I'm using Bower 1.3.5 and still hit this Problem. @satazor can you reopen this issu

[rayshan]

Can @trisys3 @joecorcoran @dreampulse confirm that 1.3.9 still have this problem?

[bcherny]

Confirming the same issue with bower 1.3.12 on OSX.

@necolas Please re-open this.

[sheerun]

I can confirm

[vikbez]

+1 👍
this is really annoying;
I was in the train, tethered, needed only one package to continue coding but bower failed continuously resolving on some other package for unknown reason.

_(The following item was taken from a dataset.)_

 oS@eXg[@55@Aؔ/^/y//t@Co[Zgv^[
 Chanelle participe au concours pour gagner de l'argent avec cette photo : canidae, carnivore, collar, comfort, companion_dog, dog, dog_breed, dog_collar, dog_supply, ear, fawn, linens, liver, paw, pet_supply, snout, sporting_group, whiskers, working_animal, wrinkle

I wish only one package installation method worked.

bower 1.3.12 on OSX

[sheerun]

Without version locking this feature doesn't make much sense. Please contribute to #1592

[dickeylth]

+1
Why this bug lasts so long?...

[sheerun]

The correct behavior is as @nschloe pointed out:

1. If no arguments are passed to bower update, it updates packages in bower_components that don't match the specs in bower.json (basically bower install, maybe without extra downloads). Also update packages in bower_components that are not listed in bower.json
2. If arguments are passed, limit updated packages.

Failing tests can be added to:
https://github.com/bower/bower/blob/master/test/commands/update.js

[sheerun]

@prappo Why did you close it?

[contolini]

@albertinadx Are you working on this issue? If you're not, let me know, and I'll hack on it later today.

[contolini]

Satisfied by #2070.

[erquhart]

@contolini I'm on bower 1.7.9 and am still experiencing this issue. I run bower update <package>, and an additional package gets updated as well. The additional package is not a direct dependency of the package I'm trying to update.

Is there any known reason why this would be happening?

[erquhart]

Found it: d3eef57

@sheerun it looks like you reverted this fix, but I can't find a reason given anywhere, and the changelog doesn't acknowledge it. Can we re-open this issue to continue the discussion?

Seems to have been removed in response to #2097, but again, the revert isn't called out directly.

[sheerun]

This is true, I had to revert because of #2097

[lmmfranco]

Still happens in 1.8.
I'm having a problem when installing all dependencies at once, so I was trying to install one at a time, but I cannot achieve that because of this issue.

[sheerun]

Now that Bower is not developed anymore, I'll close this issue. The update command never worked very well, and in fact even npm's and yarn's update also suffers from many issues. The solution is to use proper version ranges in bower.json and use bower install instead of bower update.